Note that under item (ii) above, an overseas organization’s agency in China means the branch or representative office of the overseas organization established in China, and the market survey permitted to be conducted by such an agency is limited to the products or services of such overseas organization.
Other updates
The 2021 Negative Lists also provide clarity on certain rules relating to the management of foreign investment in China:
- Overseas public offering of the domestic enterprise engaging in prohibited business under the 2021 Negative List
Subject to the applicable approval procedures, the overseas public offering of a domestic enterprise engaging in any business that is prohibited from foreign investment under the 2021 Negative Lists is generally permitted. Foreign investors are permitted to invest in such enterprises through a public offering pursuant to the relevant listing rules and regulations.
However, foreign investors are not allowed to participate in the operation and management of such domestic enterprise. In addition, the shareholding ratio of the foreign investors in such domestic enterprise after the public offering must not exceed the following thresholds: (i) 10% of all the shares held by a single foreign investor and its affiliates; and (ii) 30% of all the shares held by all foreign investors and their affiliates.

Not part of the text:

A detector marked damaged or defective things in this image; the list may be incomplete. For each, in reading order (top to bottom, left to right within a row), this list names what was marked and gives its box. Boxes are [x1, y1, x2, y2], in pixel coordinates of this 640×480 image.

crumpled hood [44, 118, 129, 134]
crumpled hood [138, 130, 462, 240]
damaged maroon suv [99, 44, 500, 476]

We understand that the China Securities Regulatory Commission is leading a project to revise the administrative rules on the overseas public listing of domestic enterprises.. Although discussions and a review by the relevant Chinese authorities are currently underway, the exact timing for the official promulgation of such revision is, as of the date of this article, unclear.
- Foreign investment management
The 2021 Negative Lists expressly provide (by way of clarification) that (i) if a foreign invested entity makes further investments in China, the 2021 Negative Lists shall apply; and (ii) the market access negative list, which imposes industrial-specific regulatory restrictions, shall apply to both domestic and foreign investors.
Further to the issuance of the 2021 Negative Lists, the relevant Chinese authorities are also expected to promulgate revisions to associated rules and regulations so as to align them with the 2021 Negative Lists.